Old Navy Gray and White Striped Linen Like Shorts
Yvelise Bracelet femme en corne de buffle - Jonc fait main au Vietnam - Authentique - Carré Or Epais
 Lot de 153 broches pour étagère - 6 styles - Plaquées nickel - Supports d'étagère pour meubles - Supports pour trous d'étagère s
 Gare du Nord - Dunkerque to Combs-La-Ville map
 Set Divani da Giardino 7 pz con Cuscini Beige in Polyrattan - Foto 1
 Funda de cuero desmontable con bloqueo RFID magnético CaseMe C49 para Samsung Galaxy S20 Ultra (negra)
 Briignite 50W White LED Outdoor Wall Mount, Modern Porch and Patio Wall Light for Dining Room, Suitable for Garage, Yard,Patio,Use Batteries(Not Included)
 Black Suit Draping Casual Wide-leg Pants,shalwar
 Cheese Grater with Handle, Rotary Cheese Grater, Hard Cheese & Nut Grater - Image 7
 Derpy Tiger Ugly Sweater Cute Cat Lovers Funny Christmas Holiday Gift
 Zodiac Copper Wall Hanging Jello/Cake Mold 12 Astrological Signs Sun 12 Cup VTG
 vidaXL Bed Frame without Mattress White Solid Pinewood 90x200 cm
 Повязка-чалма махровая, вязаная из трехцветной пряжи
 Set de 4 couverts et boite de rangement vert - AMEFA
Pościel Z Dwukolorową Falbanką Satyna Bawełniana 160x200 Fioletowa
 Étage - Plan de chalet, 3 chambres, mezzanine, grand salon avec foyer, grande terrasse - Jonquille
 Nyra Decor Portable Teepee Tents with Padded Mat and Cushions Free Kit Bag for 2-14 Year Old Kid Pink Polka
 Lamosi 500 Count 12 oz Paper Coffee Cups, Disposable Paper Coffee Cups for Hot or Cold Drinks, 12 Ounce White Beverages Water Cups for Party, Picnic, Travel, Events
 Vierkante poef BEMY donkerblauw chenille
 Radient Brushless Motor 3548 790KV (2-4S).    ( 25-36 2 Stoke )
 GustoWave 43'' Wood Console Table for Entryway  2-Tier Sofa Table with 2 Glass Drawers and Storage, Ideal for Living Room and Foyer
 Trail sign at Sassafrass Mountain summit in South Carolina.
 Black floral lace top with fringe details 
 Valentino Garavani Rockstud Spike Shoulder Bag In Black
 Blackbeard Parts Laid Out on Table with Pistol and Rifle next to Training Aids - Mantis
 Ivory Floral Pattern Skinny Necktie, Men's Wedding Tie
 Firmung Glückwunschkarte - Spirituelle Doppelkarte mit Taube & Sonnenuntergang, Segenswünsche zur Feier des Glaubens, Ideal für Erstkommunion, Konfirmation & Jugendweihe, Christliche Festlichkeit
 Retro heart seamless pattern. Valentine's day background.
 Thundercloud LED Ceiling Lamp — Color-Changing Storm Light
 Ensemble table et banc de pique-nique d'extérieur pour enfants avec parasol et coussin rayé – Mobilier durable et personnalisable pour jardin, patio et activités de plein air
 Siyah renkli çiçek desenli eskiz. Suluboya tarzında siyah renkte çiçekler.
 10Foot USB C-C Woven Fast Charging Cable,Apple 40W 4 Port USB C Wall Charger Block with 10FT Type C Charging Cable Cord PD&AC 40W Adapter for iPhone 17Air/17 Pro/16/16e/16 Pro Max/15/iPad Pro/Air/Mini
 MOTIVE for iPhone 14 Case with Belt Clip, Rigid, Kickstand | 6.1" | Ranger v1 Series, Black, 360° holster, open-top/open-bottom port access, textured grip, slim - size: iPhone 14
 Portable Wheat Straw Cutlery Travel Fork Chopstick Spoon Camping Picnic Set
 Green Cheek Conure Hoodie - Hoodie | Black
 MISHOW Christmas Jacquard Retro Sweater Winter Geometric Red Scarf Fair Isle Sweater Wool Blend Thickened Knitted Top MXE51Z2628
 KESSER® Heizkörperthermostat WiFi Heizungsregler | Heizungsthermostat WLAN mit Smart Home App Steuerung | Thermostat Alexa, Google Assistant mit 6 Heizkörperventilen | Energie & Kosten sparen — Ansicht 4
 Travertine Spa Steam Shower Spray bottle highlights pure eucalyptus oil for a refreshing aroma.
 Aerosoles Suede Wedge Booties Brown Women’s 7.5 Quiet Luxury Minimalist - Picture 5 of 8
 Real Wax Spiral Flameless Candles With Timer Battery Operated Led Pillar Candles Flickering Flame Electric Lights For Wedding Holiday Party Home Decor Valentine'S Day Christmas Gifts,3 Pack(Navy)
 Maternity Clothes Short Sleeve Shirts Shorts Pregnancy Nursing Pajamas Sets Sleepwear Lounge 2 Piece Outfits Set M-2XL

--------------------

◆ **Assignment**
Transcribe all the data word for word, as it appears above.

◆ **Answer box**
Old Navy Gray and White Striped Linen Like Shorts
Yvelise Bracelet femme en corne de buffle - Jonc fait main au Vietnam - Authentique - Carré Or Epais
 Lot de 153 broches pour étagère - 6 styles - Plaquées nickel - Supports d'étagère pour meubles - Supports pour trous d'étagère s
 Gare du Nord - Dunkerque to Combs-La-Ville map
 Set Divani da Giardino 7 pz con Cuscini Beige in Polyrattan - Foto 1
 Funda de cuero desmontable con bloqueo RFID magnético CaseMe C49 para Samsung Galaxy S20 Ultra (negra)
 Briignite 50W White LED Outdoor Wall Mount, Modern Porch and Patio Wall Light for Dining Room, Suitable for Garage, Yard,Patio,Use Batteries(Not Included)
 Black Suit Draping Casual Wide-leg Pants,shalwar
 Cheese Grater with Handle, Rotary Cheese Grater, Hard Cheese & Nut Grater - Image 7
 Derpy Tiger Ugly Sweater Cute Cat Lovers Funny Christmas Holiday Gift
 Zodiac Copper Wall Hanging Jello/Cake Mold 12 Astrological Signs Sun 12 Cup VTG
 vidaXL Bed Frame without Mattress White Solid Pinewood 90x200 cm
 Повязка-чалма махровая, вязаная из трехцветной пряжи
 Set de 4 couverts et boite de rangement vert - AMEFA
Pościel Z Dwukolorową Falbanką Satyna Bawełniana 160x200 Fioletowa
 Étage - Plan de chalet, 3 chambres, mezzanine, grand salon avec foyer, grande terrasse - Jonquille
 Nyra Decor Portable Teepee Tents with Padded Mat and Cushions Free Kit Bag for 2-14 Year Old Kid Pink Polka
 Lamosi 500 Count 12 oz Paper Coffee Cups, Disposable Paper Coffee Cups for Hot or Cold Drinks, 12 Ounce White Beverages Water Cups for Party, Picnic, Travel, Events
 Vierkante poef BEMY donkerblauw chenille
 Radient Brushless Motor 3548 790KV (2-4S).    ( 25-36 2 Stoke )
 GustoWave 43'' Wood Console Table for Entryway  2-Tier Sofa Table with 2 Glass Drawers and Storage, Ideal for Living Room and Foyer
 Trail sign at Sassafrass Mountain summit in South Carolina.
 Black floral lace top with fringe details 
 Valentino Garavani Rockstud Spike Shoulder Bag In Black
 Blackbeard Parts Laid Out on Table with Pistol and Rifle next to Training Aids - Mantis
 Ivory Floral Pattern Skinny Necktie, Men's Wedding Tie
 Firmung Glückwunschkarte - Spirituelle Doppelkarte mit Taube & Sonnenuntergang, Segenswünsche zur Feier des Glaubens, Ideal für Erstkommunion, Konfirmation & Jugendweihe, Christliche Festlichkeit
 Retro heart seamless pattern. Valentine's day background.
 Thundercloud LED Ceiling Lamp — Color-Changing Storm Light
 Ensemble table et banc de pique-nique d'extérieur pour enfants avec parasol et coussin rayé – Mobilier durable et personnalisable pour jardin, patio et activités de plein air
 Siyah renkli çiçek desenli eskiz. Suluboya tarzında siyah renkte çiçekler.
 10Foot USB C-C Woven Fast Charging Cable,Apple 40W 4 Port USB C Wall Charger Block with 10FT Type C Charging Cable Cord PD&AC 40W Adapter for iPhone 17Air/17 Pro/16/16e/16 Pro Max/15/iPad Pro/Air/Mini
 MOTIVE for iPhone 14 Case with Belt Clip, Rigid, Kickstand | 6.1" | Ranger v1 Series, Black, 360° holster, open-top/open-bottom port access, textured grip, slim - size: iPhone 14
 Portable Wheat Straw Cutlery Travel Fork Chopstick Spoon Camping Picnic Set
 Green Cheek Conure Hoodie - Hoodie | Black
 MISHOW Christmas Jacquard Retro Sweater Winter Geometric Red Scarf Fair Isle Sweater Wool Blend Thickened Knitted Top MXE51Z2628
 KESSER® Heizkörperthermostat WiFi Heizungsregler | Heizungsthermostat WLAN mit Smart Home App Steuerung | Thermostat Alexa, Google Assistant mit 6 Heizkörperventilen | Energie & Kosten sparen — Ansicht 4
 Travertine Spa Steam Shower Spray bottle highlights pure eucalyptus oil for a refreshing aroma.
 Aerosoles Suede Wedge Booties Brown Women’s 7.5 Quiet Luxury Minimalist - Picture 5 of 8
 Real Wax Spiral Flameless Candles With Timer Battery Operated Led Pillar Candles Flickering Flame Electric Lights For Wedding Holiday Party Home Decor Valentine'S Day Christmas Gifts,3 Pack(Navy)
 Maternity Clothes Short Sleeve Shirts Shorts Pregnancy Nursing Pajamas Sets Sleepwear Lounge 2 Piece Outfits Set M-2XL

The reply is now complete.